Another, less plausible story, has to do with Sing Sing prison's 23 steps from the main corridor to the workshops. Whether or not this is true, the expression did enter into the lexicon of rogues and criminals as a spiced up version of "Cheese it, the cops!" "Twenty-three skidoo!" was shouted by miscreants in the Bowery in New York City to alert their co-conspirators to the presence of the gendarmes. The expression then passed into common usage in much the same way that words from gangsta rap, such as "bling" and "dis" have entered common usage today.
For reasons not known to me (or anyone else this side of omniscience), the whole 23 skidoo mojo took off and became a nationwide rage. The entrepreneurs hopped on the skidoo wagon and sold every conceivable manner of gadget and garment emblazoned with the phrase. Like so many other overly hyped fads, it soon disappeared, becoming an archaic symbol of the "good old days," like raccoon coats, chicken inspector badges, and straw boater hats. When Americans found themselves in the great and terrible First World War, they lay aside many frivolous things. The term was over-hyped, and yesterday's news, which may explain why the superstition towards the number 23 is gone, but 13 remains.
Oh, how strongly that hoodoo of mysterious and powerful numbers held some folks in its grasp! In October 1911 the Oregonian reported how a man named J. A. Crawley was to be released from the state pen in Salem, but balked at the gate. It was Friday the 13th and he had 23 dollars in his pocket. He pleaded with the guards not to force him out on that ominous day with that ominous number in his pocket. (He could have just given one of the guards one of his dollars.) The story tells how prison officials found an uncle in New Orleans who would take the boy in. New Orleans being the very epicenter of hoodoo, I fear that he passed from the prison built of stones into a new prison of superstition built with bricks of ignorance.


1 comment:

  1. Great stories here, and I love how the train conductor thought 23rd Street to be unimportant. But, I found these origins of "23 skidoo" to be no more plausible than the New York story.
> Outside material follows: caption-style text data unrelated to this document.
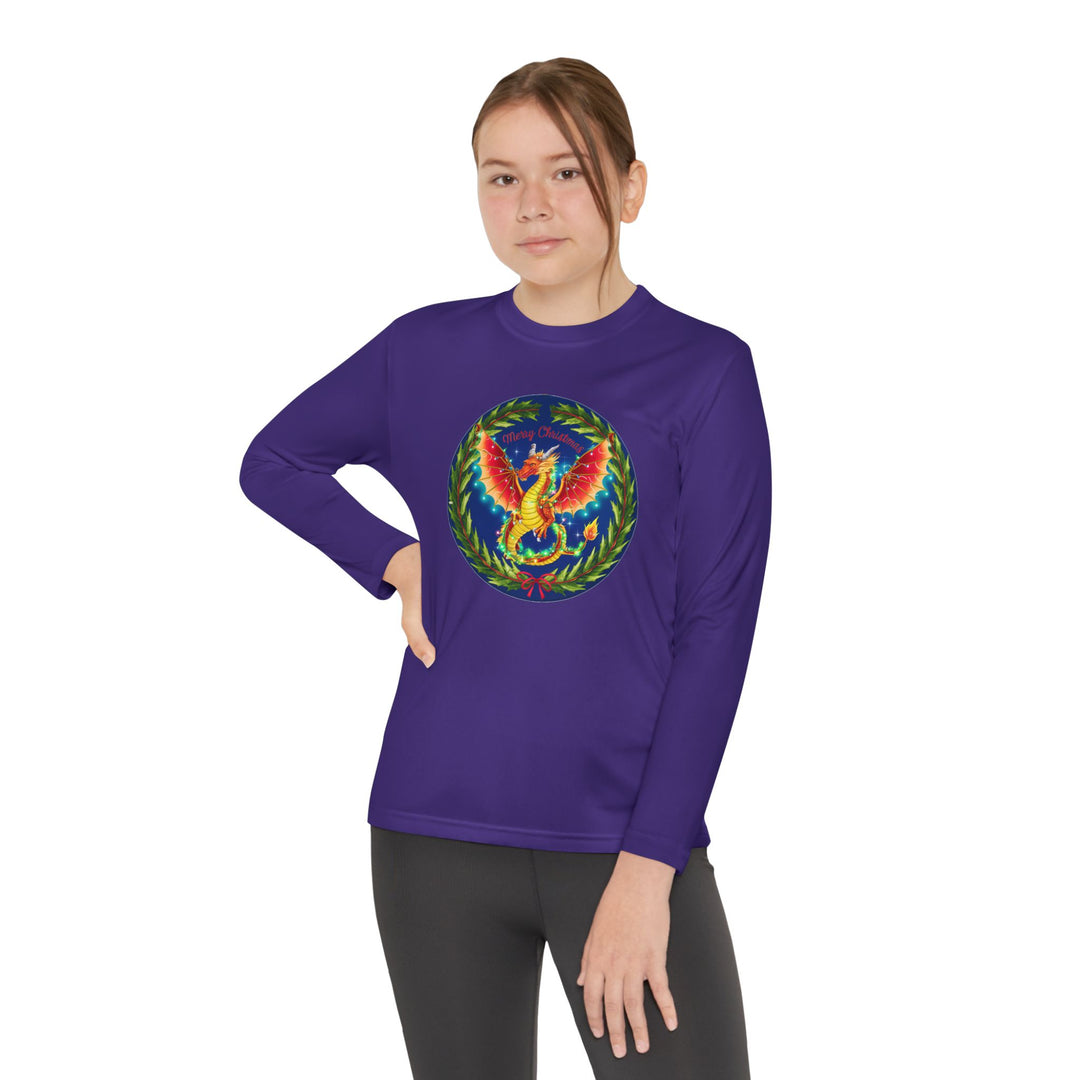 Youth Long Sleeve Competitor Tee - Christmas Dragon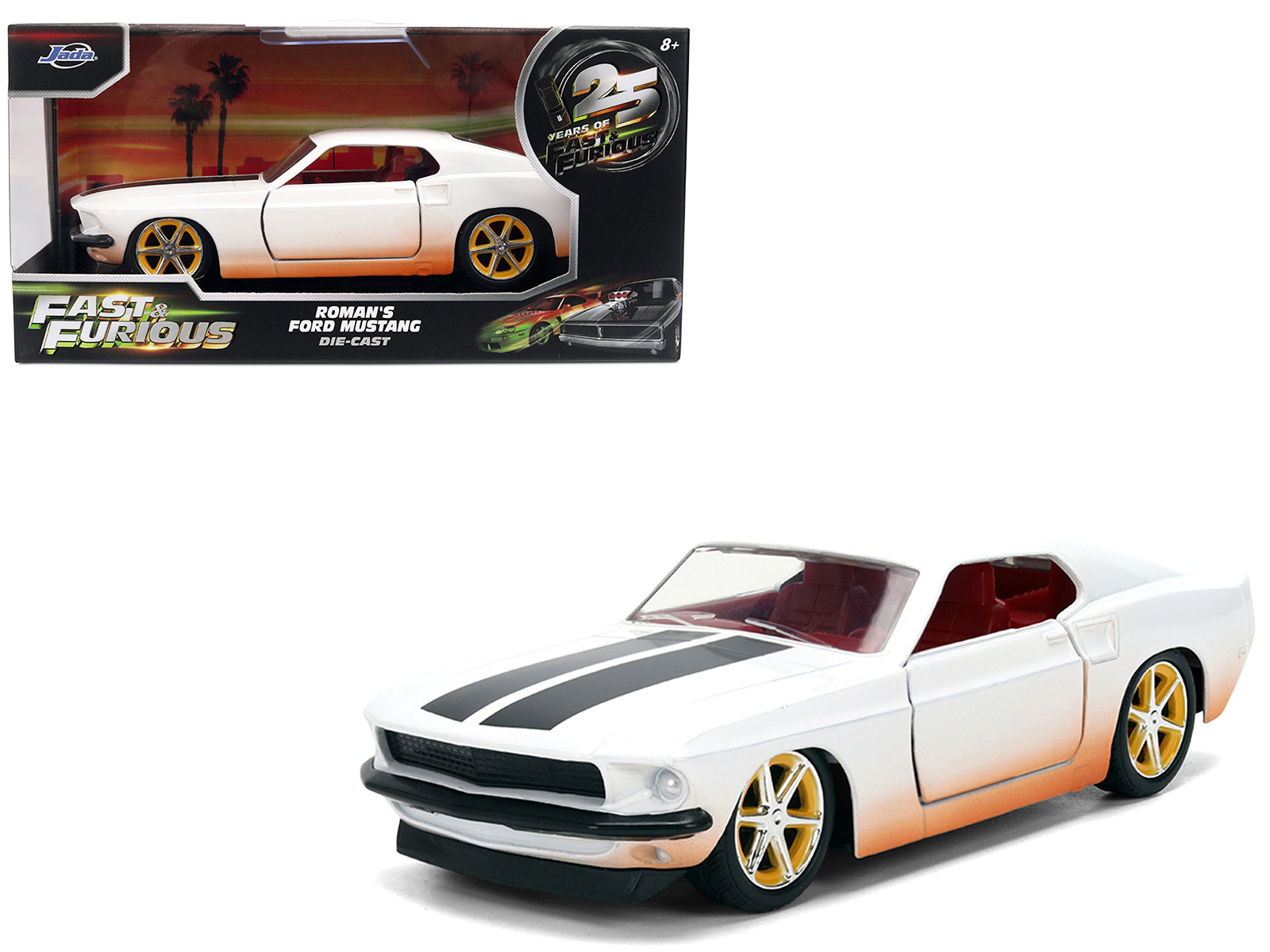 Jada Roman's Ford Mustang White with Black Stripes and Red Interior (Dirty Version) "Fast & Furious" Movie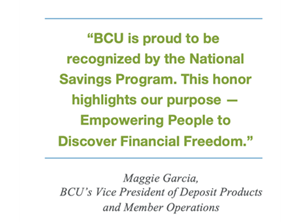BCU Awarded Designation of Savings Excellence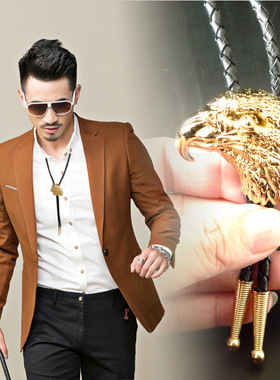 波洛领带鹰头犬首纯纯K金bolotie牛仔皮质领绳A01B2C91休闲配饰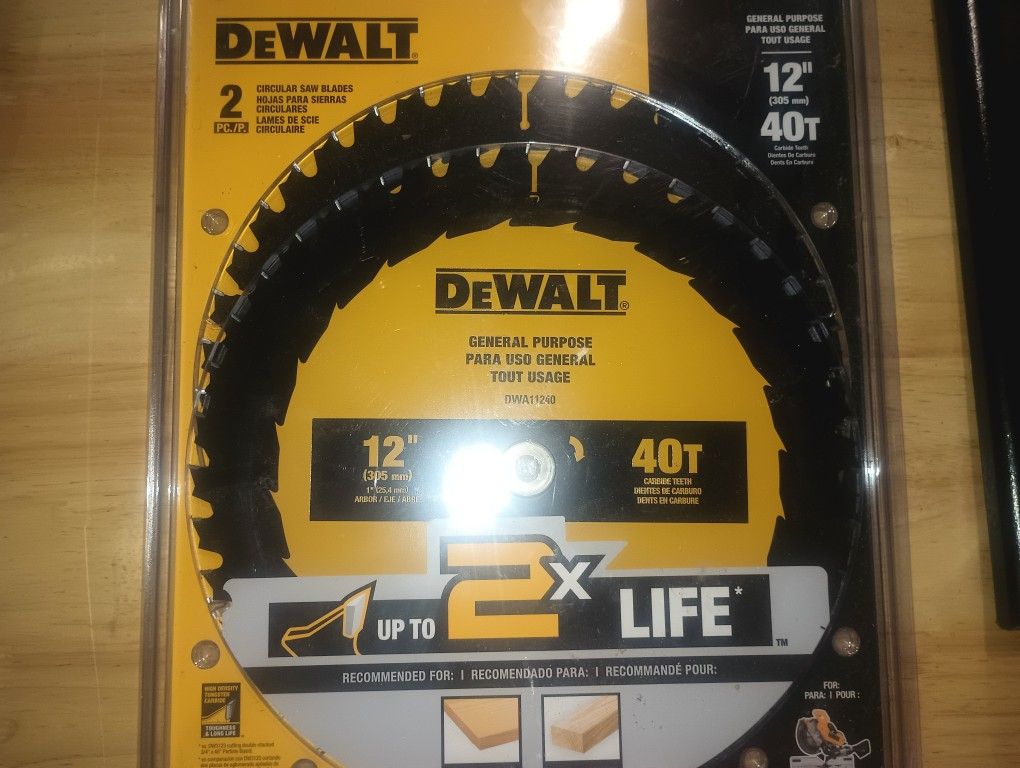 2pc DeWalt 12" 40T Saw Blade 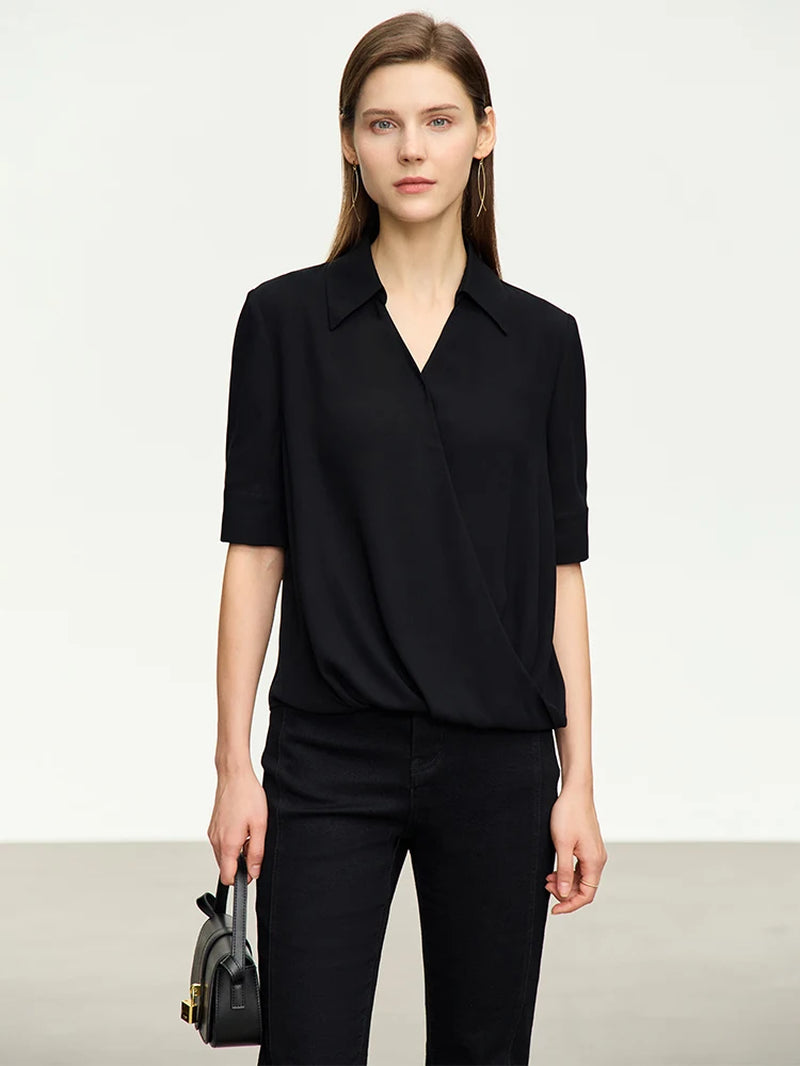 Minimalism Fashion Woman Shirts 2023 New Turn-Down Collar Chiffon Blouse Half Sleeve Top Women'S Shirts & Blouses 12342609-Gennys fashion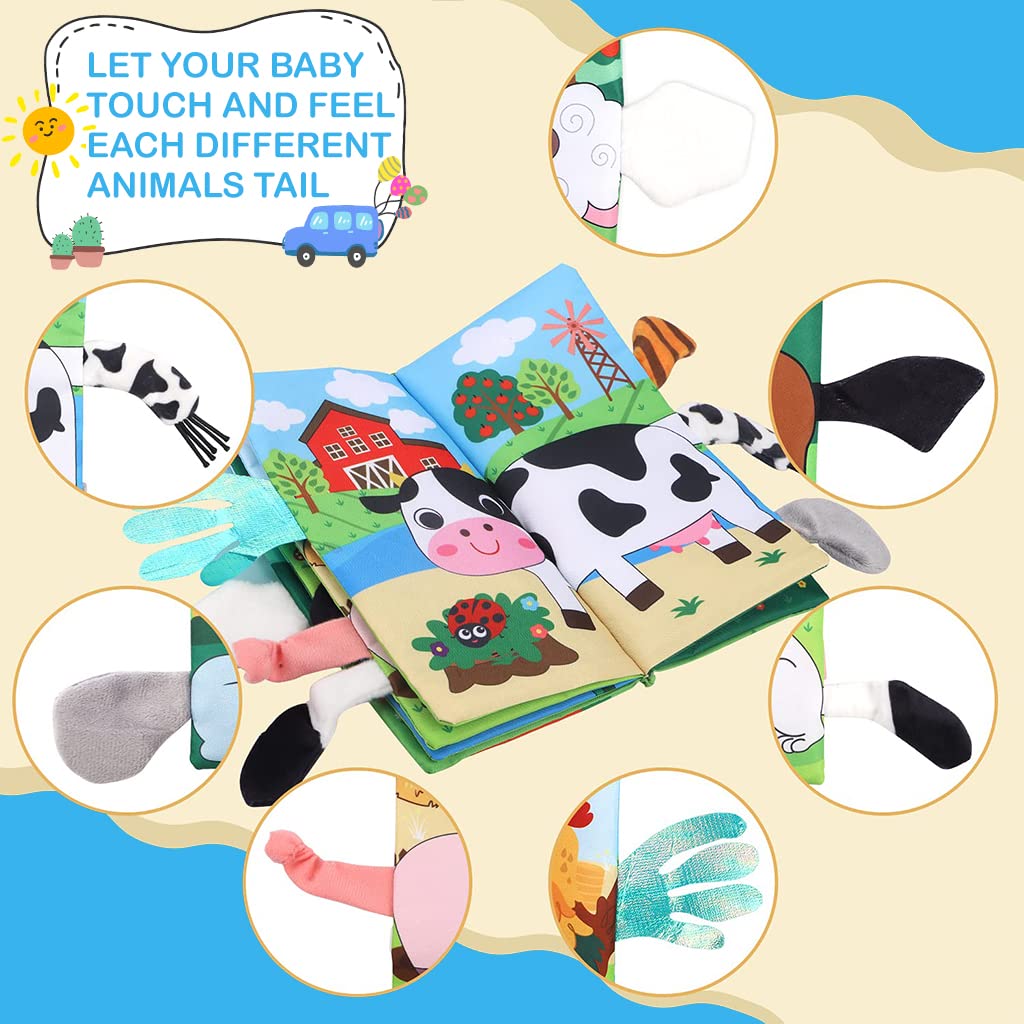 SNOWIE Soft Cloth Book for Early Baby Development with 6 Pages and 3D Farm Animal Tails | Yellow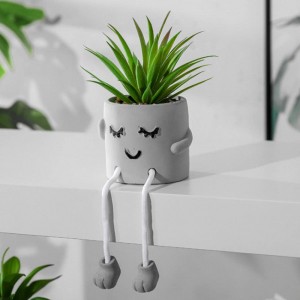 Kreativa konstgjorda suckulentväxter i minikrukor Hem skrivbordsinredning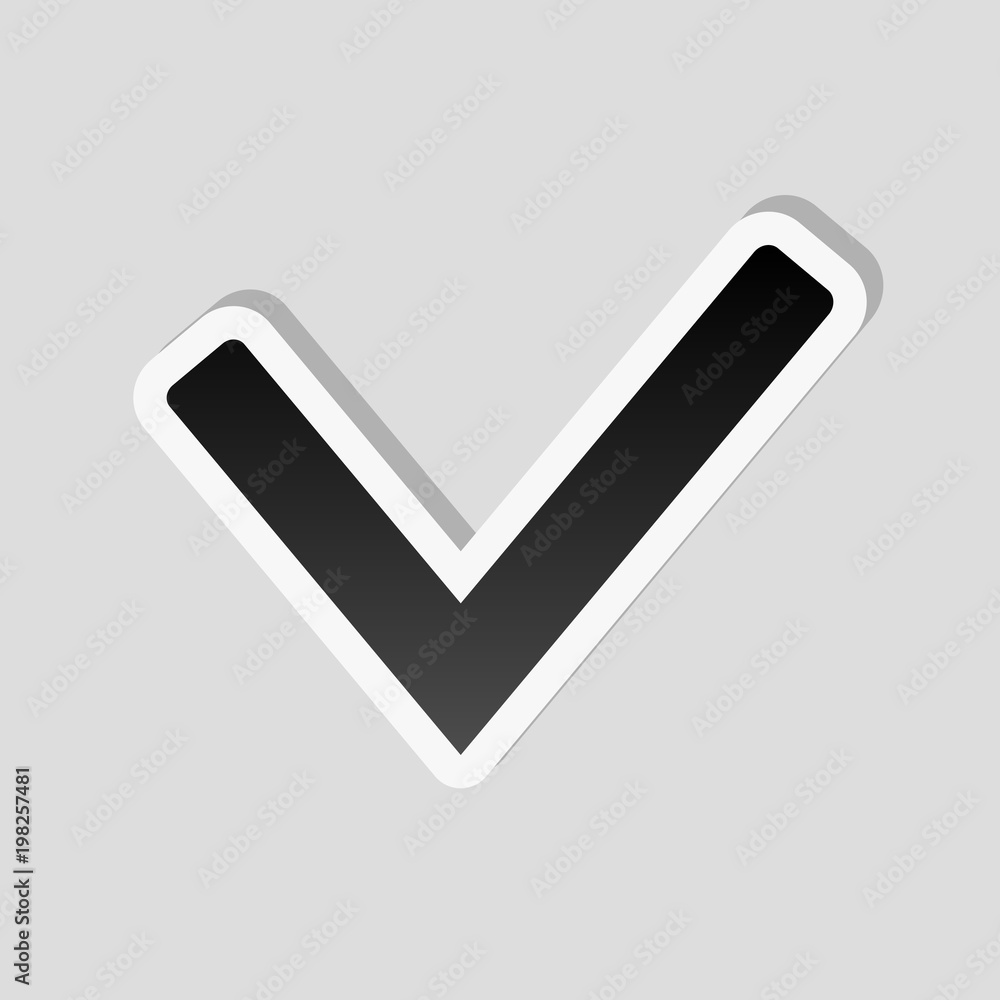 Poster check mark icon. sticker style with white border and simple shadow on gray background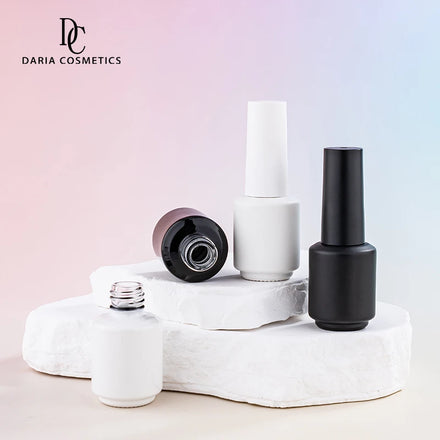 9ml Round Matte/Glossy Black White in Stock Customized Logo Empty Glass Gel Polish Bottle with Cap and Brush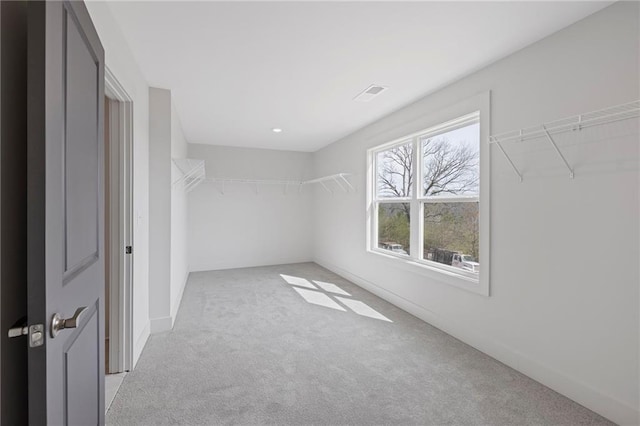 spacious closet with light carpet
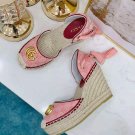 Women's Shoes Gg Sandals Espadrilles Wedges Platform Quilted Canvas Sandal Pink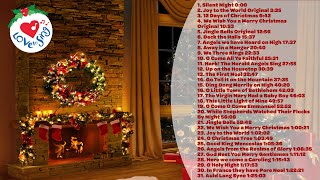 Top 31 Christmas Songs and Carols Music Playlist with a Fireplace 🎄 [upl. by Akienom]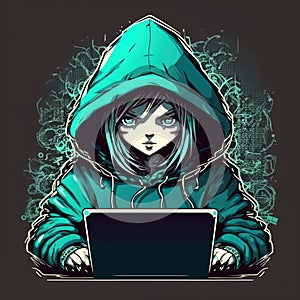 Ð¡ute girl hacker with laptop. Avatar in cartoon style. Generative Ai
    More specifically, the NYC claim to the origin of 23 skidoo is not just the winds along 23rd Street, but specifically in front of the Flatiron Building at the multi-angled intersection of 23rd, 5th, and Broadway.

    When it was being built in 1902, locals knew of the winds and thought the oddly shaped building would never stand. They made bets regarding its eventual failure and where the rubble would fall. Before it was complete, the building was called "Burnham's Folly" after the foolish architect who thought it would work.

    23 Skidoo, however, was supposedly what the local cops would call out to scatter the men who would loiter around the intersection waiting for the winds to lift up the dress of a passing lady.